This may seem like a bunch of stupid questions, but I'm new to Forex Trading and trading in general and I'm trying to cement in mind if I am allowing enough funds to cover a position  that I was thinking about.  (I think position is the word I'm looking for?)

Here is what I have been thinking about;


-want to trade AUS/USD

- if I purchase $1,OOO,OOO usd at 200:1 leverage at .5% would 20k be enough money to hold my position if the USD dollar rises against me by 3 cents?

- how long can I hold my position if I did not want to put a stop/loss in there.  Is this an indefinite thing, or at some point am I forced to sell off or lose it all?

- if I hold this position for lets say 6 months, do the brokers charge me any negative interest because the USD has lower interest rates than the AUS?

- are there any other charges that creep up on a daily basis whilst I'm hanging on hoping for things to move in my favour?


I think that is all that has been bugging me for quite some time now. Thanks for any help on this.


----------



## Tanaka (7 September 2010)

I recommend you do the free online course @ http://www.babypips.com/

Forex didn't fully make sense to me until I did it, and it's FREE!


----------



## Helliune (8 September 2010)

Hmm, ok. I'm quite new to forex myself, but I am finding that I love carry trading, so I might be able to answer these questions.

Remember firstly though, each broker can have their own individual fees and charges and can be different to one another. There might also be individual difference in brokers as to how they handle overnight trades (trades kept open over night or longer). You need to read the fine legal print they give you upon your request to know what those charges are. Please keep all that in mind while reading the rest of my post.

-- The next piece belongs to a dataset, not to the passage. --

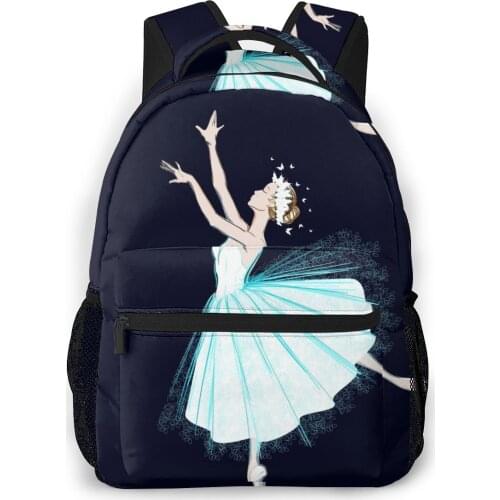 Backpack Women Bag For Teenager Girls Ballerina In Long Dress And Wreath Of Butterflies Bagpack Female Ladies School Backpack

The rest of this post assumes that you have a broker where the broker has no hidden charges and doesn't have charges that are unusal from the 'norm':

So you want to trade AUDUSD. Because Australia has a larger interest rate to the US, if you buy (go long) AUDUSD you will receive swap / rollover each day that you hold onto the trade.  If you sell (go short) AUDUSD then you will pay swap / rollover each day that you hold onto the trade.

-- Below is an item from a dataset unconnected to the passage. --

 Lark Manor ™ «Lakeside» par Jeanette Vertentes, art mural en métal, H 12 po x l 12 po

If my maths is right, a 1,000,000 size trade at 200:1 will require 1,000,000 / 200 = 5,000... $5,000 in your account. For 10 standard lots (which equals 1,000,000 units) 1 pip movement = $100. A price movement of 3c against you (which is I belive 300 pips) will result in a loss of $30,000 USD. So $20,000 wont be enough. If you did this with $20,000 in the bank, you'd get a margin call and probably loose the whole $20,000. Different brokers have different rules as to how they deal with this situation and when they deal with it. You'll need to read the fine print to find out.

If you dont suffer a margin call, then you should be able to hold it 'indefinitely'.

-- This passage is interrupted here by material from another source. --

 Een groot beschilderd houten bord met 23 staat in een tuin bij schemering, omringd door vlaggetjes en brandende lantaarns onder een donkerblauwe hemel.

Based on the 'norm' for brokers, swap / rollover should be the only thing that should affect your trade on a daily basis while it is open.

Like the post above me, I also strongly suggest babypips.com as a place to learn more about how to make forex work for you.

If you are seriously considering creating a big trade and holding it using most of your capital without any stop loss, then I strongly suggest you learn a lot more before doing it. 

I'd recommend that you start with a demo account with the same amount you intend on starting with ($5,000 or $20,000 or whatever) and then run your idea using the demo account and see how it goes. It might scare you into learning more before preceeding.

Remember - it's easier to loose money than it is to make it. As a result, money management is, in itself, actually a profitable thing to do.

If my maths or anything I have said is wrong in any way, could someone prompty correct me. I really dont want to mislead the OP.


----------



## klrman (8 September 2010)

Helluine, I really appreciate you taking the time to answer this for me.  I am on babypips, but these things were running through my mind and I just needed to throw it out there.  

If I can hold on to a trade as long as I want without having a margin call against me, then that is what I would really like.  So far, I have talked to one broker and he told me I can not be out more than what is in my account, but when I read the fine print, it states I can lose all the money in my account and much more, so finding an honest broker and outfit who doesn't lie and an outfit that doesn't trade against my trade has been the biggest challenge after reading all the pro's and con's of each of them. 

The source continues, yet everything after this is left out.